The cancer was caused by the Human papillomavirus, which is a sexually transmitted disease. Most variants of this virus are harmless, but some are known to cause cervical cancer, as in Henrietta's case. After her diagnosis and before attempts to treat the disease with radium, another sample from the tumor was sent to George Gey, who was the head of tissue culture research at Hopkins. Gey discovered that the cells from Henrietta's tumor would not only survive and multiply outside of her body, but they didn't age either. These cells were basically immortal.

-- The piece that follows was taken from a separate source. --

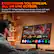 EVERYTHING YOU STREAM. ALL ON ONE SCREEN. Google TV brings together your movies, shows, and more from across your subscriptions, so they're in one place. For example, you can watch The Super Mario Bros. Movie, escape from Bowser's clutches to the Mushroom Kingdom, and more. Trending shows like Brooklyn Nine-Nine, Parks and Recreation, and The Office are also available. Plus, you can enjoy popular movies like X-Men: Days of Future Past, The Avengers, and The Matrix. All of this and more is available on Google TV. Tablet and accessories sold separately.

And they're still alive, even though Henrietta herself died of the cancer on October 4th, 1951. Now, HeLa cells are about as common in biological research as the lab rat and the petri dish, and are still being grown in an unbroken lineage from the cells originally harvested from Mrs. Lacks in 1951. They're used in cancer research because a scientist can perform experiments on them that otherwise couldn't be done on a living human being. They were also used in the development of the Polio vaccine, making Henrietta somewhat of a posthumous hero to millions.

But say you're a scientist looking at HeLa cells under a microscope. They live independently of the body they came from. They reproduce (faster even than other cancerous cells). They consume, excrete, and do everything an independent living organism usually does. A thousand years from now there will still be HeLa cells multiplying and living, even some of the original cells sampled from Mrs. Lacks, even though Henrietta Lacks herself has long since passed away. Is this a new species?

In 1991 the scientific community decided it was, and blessed HeLa cells with its own genus and species: Helacyton gartleri, named by Van Valen & Maiorana.

That would make Helacyton gartleri an example of speciation, which is when a new species is observed developing from another. In this case, the development is from a chordate (homo sapien) to something that's more like an ameoba (a cross-phylum mutation), giving us an animal with a mostly human genotype, but which does not develop into a human-like phenotype. Since this event occurred in nature when the papillomavirus transformed Henrietta's cells, and not in the laboratory, it's a strong piece of evidence supporting Evolution (although not one that suggests you could go from an ameoba to a chordate, which would probably take more than one mutation).